══ AVAILABLE DATA

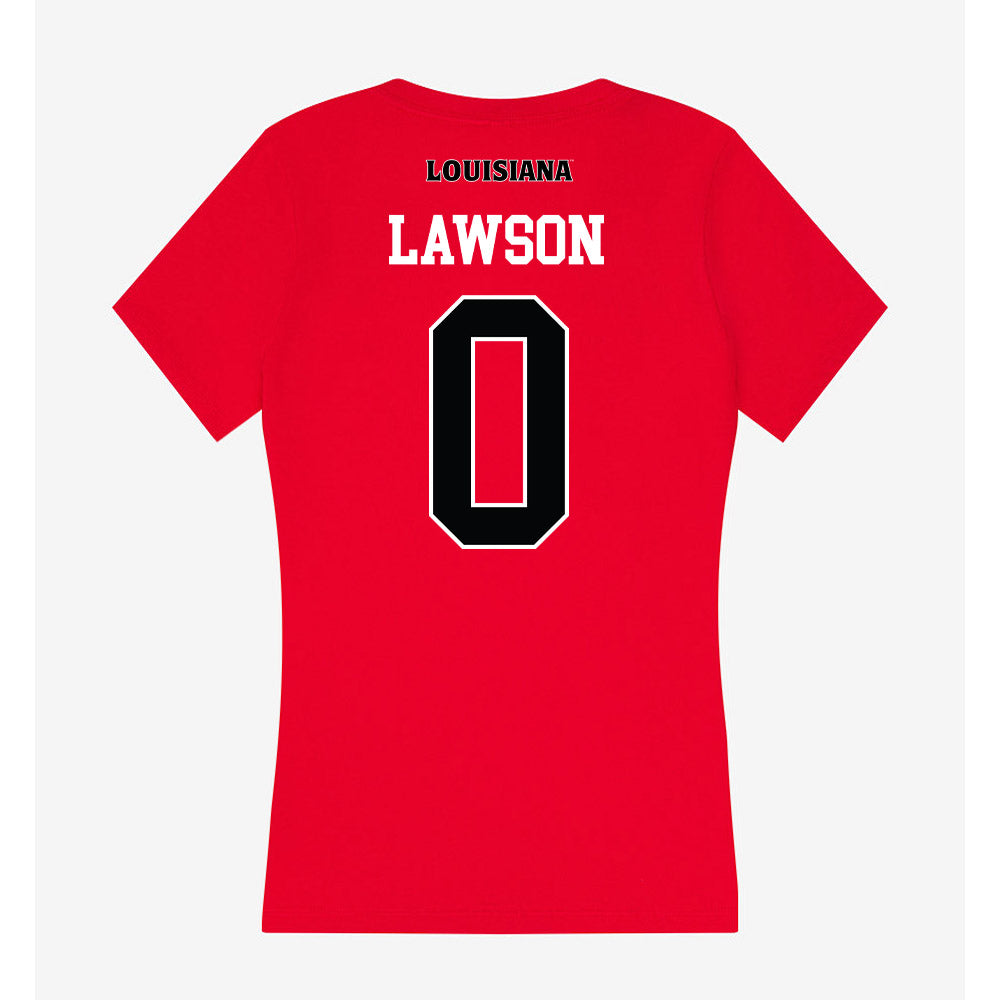 Louisiana - NCAA Football : Jordan Lawson - Women's V-Neck T-Shirt-1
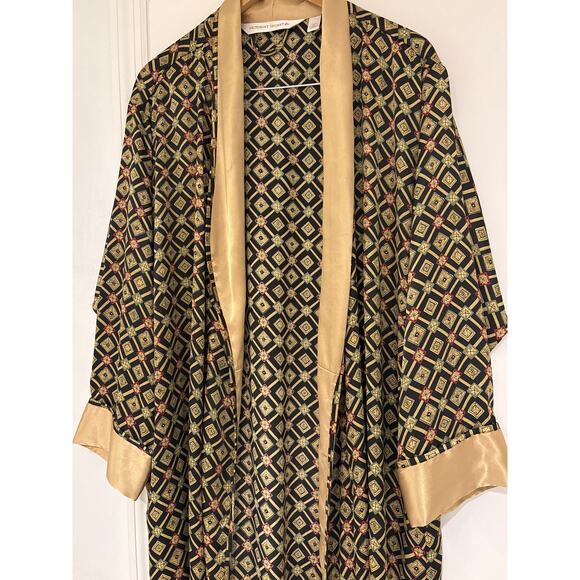 VICTORIAS SECRET Vintage Y2K 90s Satin Black And Gold Glamour Robe M - Picture 6 of 6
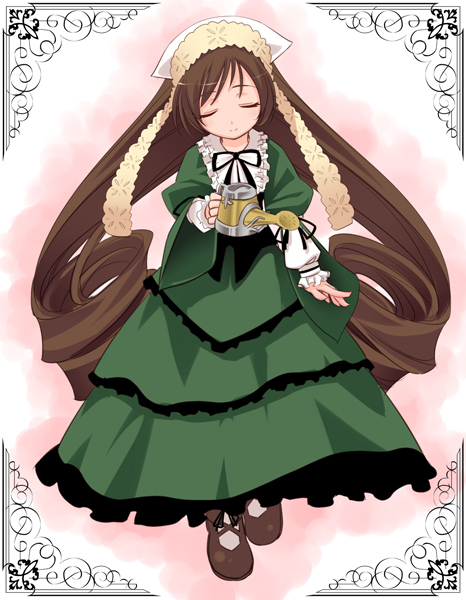 brown_hair dress drill_hair frills hat holding long_hair long_sleeves ribbon rozen_maiden shoes solo suiseiseki tatsukichi twin_drills twintails watering_can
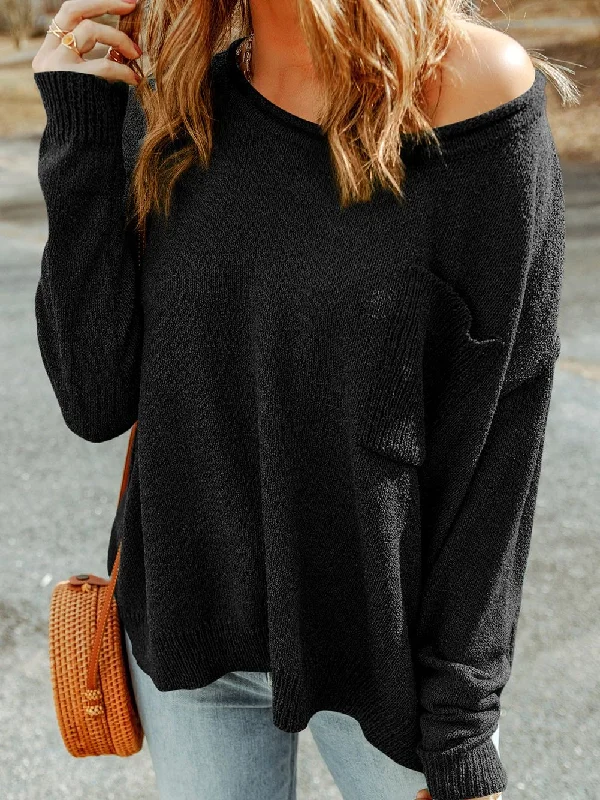 Black Rib-Knit Off-Shoulder Sweater with Pocket Casual Formal Business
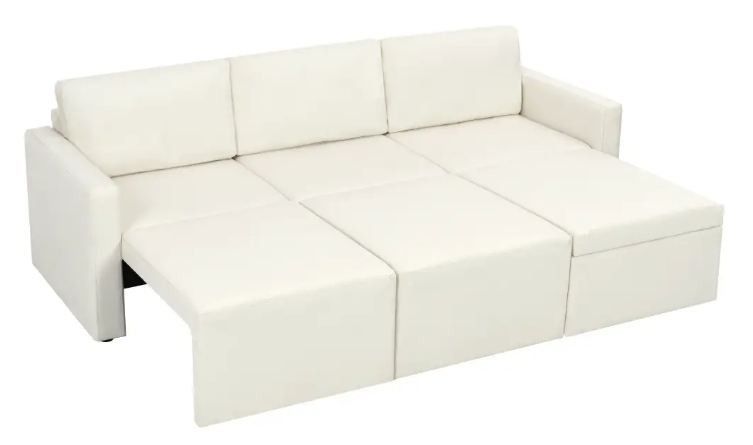 Canapé d'angle extensible et convertible simili cuir blanc Karen - Photo n°4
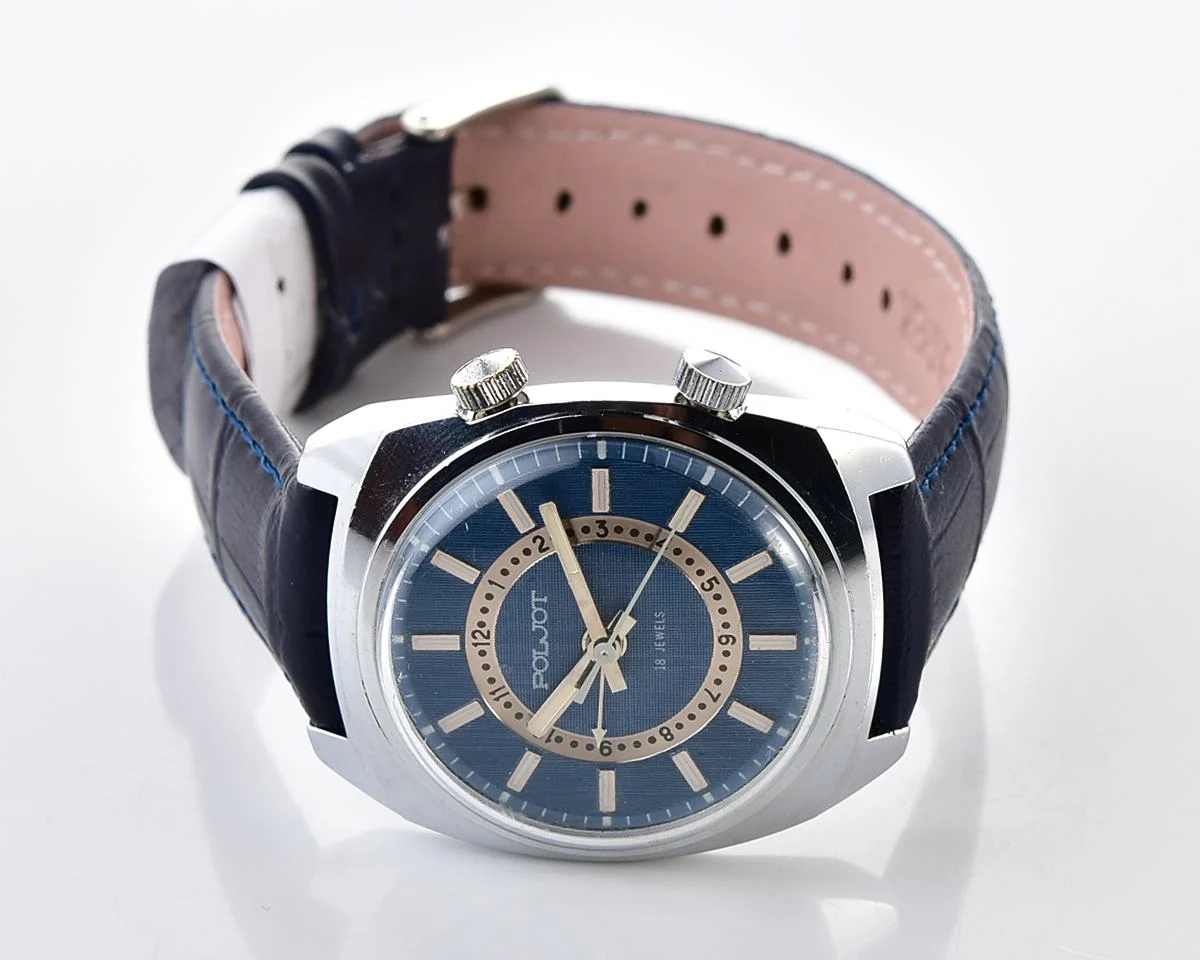 Excellent vintage Soviet Poljot-cricket mechanical watch with alarm function - jeans dial!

════

## EXERCISE DESCRIPTION
Word for word, print the material above, but without its pictures.

## SOLUTION TO THIS TASK
 Louisiana - NCAA Football : Jordan Lawson - Women's V-Neck T-Shirt-1
 VICTORIAS SECRET Vintage Y2K 90s Satin Black And Gold Glamour Robe M - Picture 6 of 6
 brown_hair dress drill_hair frills hat holding long_hair long_sleeves ribbon rozen_maiden shoes solo suiseiseki tatsukichi twin_drills twintails watering_can
 Black Rib-Knit Off-Shoulder Sweater with Pocket Casual Formal Business
 Canapé d'angle extensible et convertible simili cuir blanc Karen - Photo n°4
 Excellent vintage Soviet Poljot-cricket mechanical watch with alarm function - jeans dial!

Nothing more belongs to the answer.